MSR Action Recognition Datasets and Codes

 

HON4D Code and MSRActionPairs Dataset

 

MSRGesture3D (28MB): The dataset was captured by a Kinect device. There are 12 dynamic American Sign Language (ASL) gestures, and 10 people. Each person performs each gesture 2-3 times. There are 336 files in total, each corresponding to a depth sequence. The hand portion (above the wrist) has been segmented. The file name has the format sub_depth_m_n where m is the person index. n ranges from 1 to 36. Note that for some (m,n), the file sub_depth_m_n  does not exist. For example, there is no "sub_depth_02_03". The reason is that some of the bad sequences are excluded from the dataset. The mapping from n to gesture type is the following:

{1,2,3}-> "ASL_Z";

{4,5,6} ->"ASL_J";

{7,8,9} ->"ASL_Where";

{10,11,12} ->"ASL_Store";

{13,14,15} ->"ASL_Pig";

{16,17,18} ->"ASL_Past";

{19,20,21}->"ASL_Hungary";

{22.23,24}->"ASL_Green";

{25.26.27}->"ASL_Finish";

{28,29,30}->"ASL_Blue";

{31,32,33}->"ASL_Bathroom";

{34,35,36}->"ASL_Milk";

 

Each file is a MAT file which can be loaded with 64bit MATLAB. Below is a sample  MATLAB code to load a file:

 

x=load('sub_depth_01_01');
width = size(x.depth_part,1);
height = size(x.depth_part,2);
nFrames = size(x.depth_part,3);
for(i=1:width)
  for(j=1:height)
    for(k=1:nFrames)
      depthval = x.depth_part(i,j,k);
    end
  end
end
 

The  following  two papers reported experiment results on this dataset:

Alexey Kurakin, Zhengyou Zhang, Zicheng Liu, A Real-Time System for Dynamic Hand Gesture Recognition with a Depth Sensor, EUSIPCO, 2012.

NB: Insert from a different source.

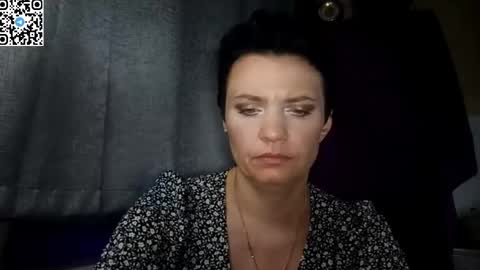 Snapshot of hotmamaqueen234 chatting on June 7, 9:07 pm hotmamaqueen234 online show from June 7, 9:07 pm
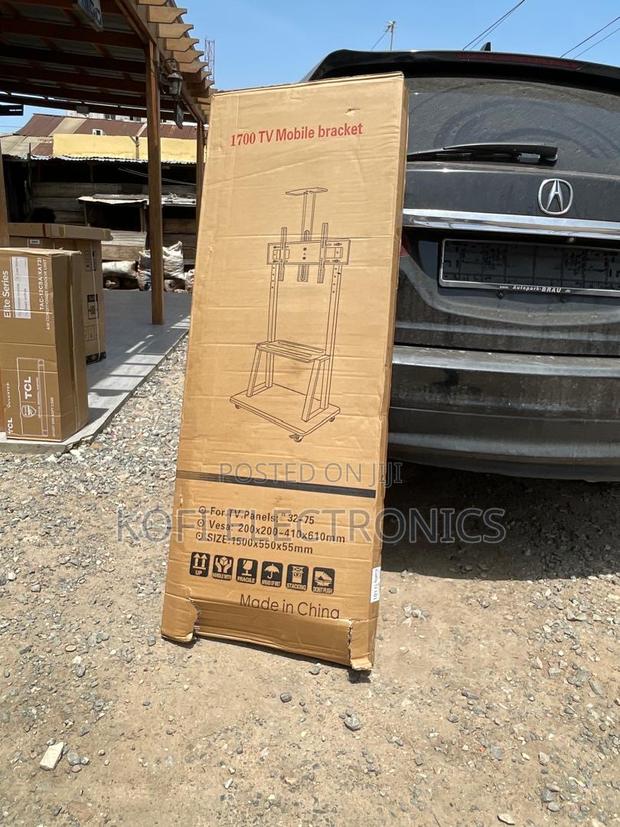 Steelcore 32-75” Elevatestand Ultimate Support, Zero Wobble · Photo 1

Jiang Wang, Zicheng Liu, Jan Chorowski, Zhuoyuan Chen, Ying Wu, Robust 3D Action Recognition with Random Occupancy Patterns, ECCV, 2012.

 

MSRDailyActivity3D (MSR Daily Activity 3D dataset): The dataset was captured by using a Kinect device. There are 16 activities: drink, eat, read book, call cellphone, write on a paper, use laptop, use vacuum cleaner, cheer up, sit still, toss paper, play game, lie down on sofa, walk, play guitar, stand up, sit down. There are 10 subjects. Each subject performs each activity twice, once in standing position, and once in sitting position. There is a sofa in the scene. Three channels are recorded: depth maps (.bin), skeleton joint positions (.txt), and RGB video (.avi). There are 16*10*2=320 files for each channel.  In total, there are 320*3=960 files. Note that the RGB channel anddepth channel are recorded independently, so they are not strictly synchronized.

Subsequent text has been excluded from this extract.